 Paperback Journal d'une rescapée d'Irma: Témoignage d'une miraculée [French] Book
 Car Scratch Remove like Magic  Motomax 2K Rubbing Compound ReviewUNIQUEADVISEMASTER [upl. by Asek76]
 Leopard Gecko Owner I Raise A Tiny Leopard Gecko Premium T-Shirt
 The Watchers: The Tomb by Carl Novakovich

........

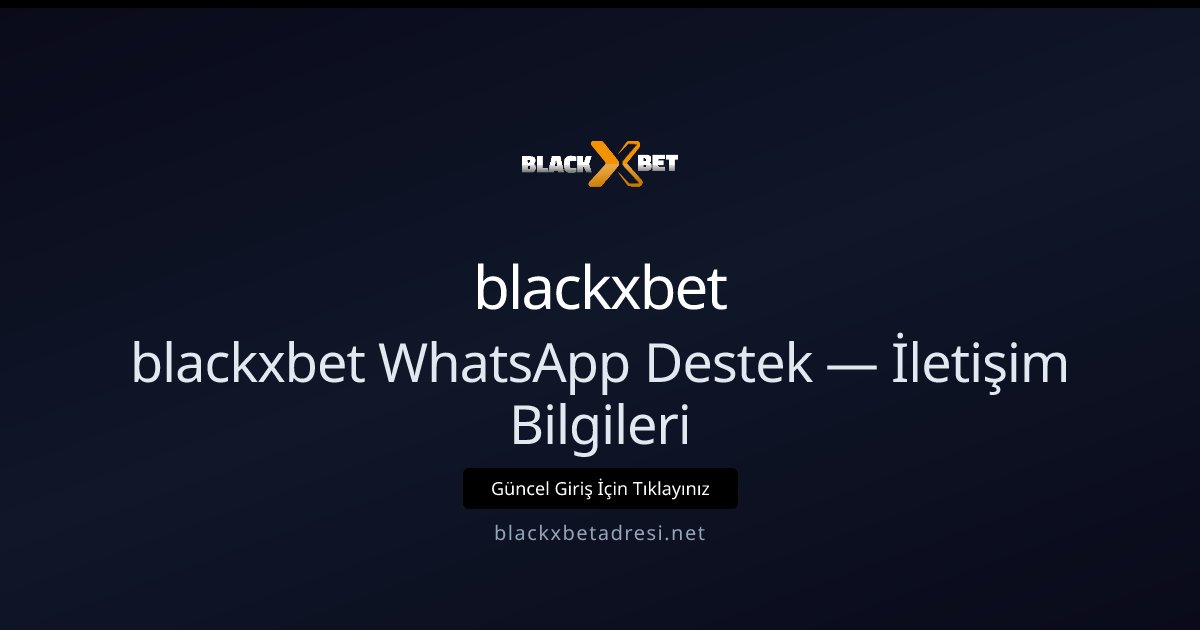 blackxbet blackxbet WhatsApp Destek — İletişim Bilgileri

........

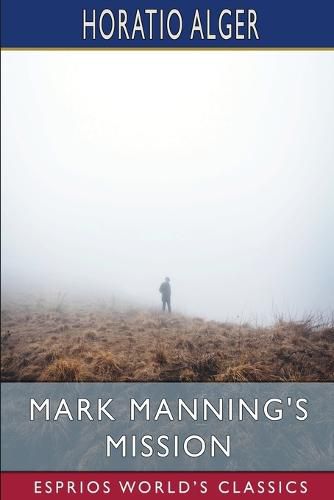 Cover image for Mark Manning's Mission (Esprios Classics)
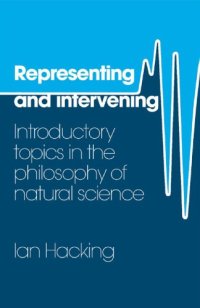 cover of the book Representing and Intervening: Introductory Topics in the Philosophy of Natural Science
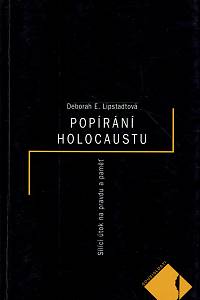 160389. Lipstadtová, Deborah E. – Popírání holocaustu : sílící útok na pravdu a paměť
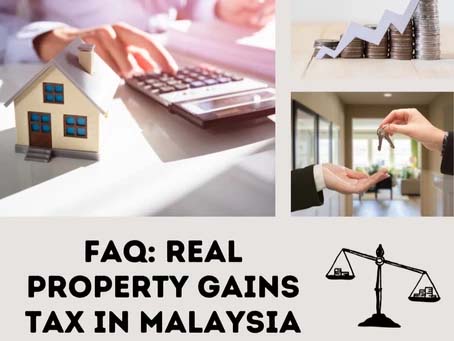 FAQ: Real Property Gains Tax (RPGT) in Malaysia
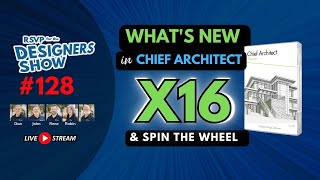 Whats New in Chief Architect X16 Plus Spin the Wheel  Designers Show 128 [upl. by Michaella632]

........

◆ **GOAL OF THE EXERCISE**
Give back, exactly and without pictures, the stretch of the records above from the line containing "160389. Lipstadtová, Deborah" through the line containing "Whats New in", with both end lines included.

◆ **ANSWER SPACE**
 160389. Lipstadtová, Deborah E. – Popírání holocaustu : sílící útok na pravdu a paměť
 FAQ: Real Property Gains Tax (RPGT) in Malaysia
 Whats New in Chief Architect X16 Plus Spin the Wheel  Designers Show 128 [upl. by Michaella632]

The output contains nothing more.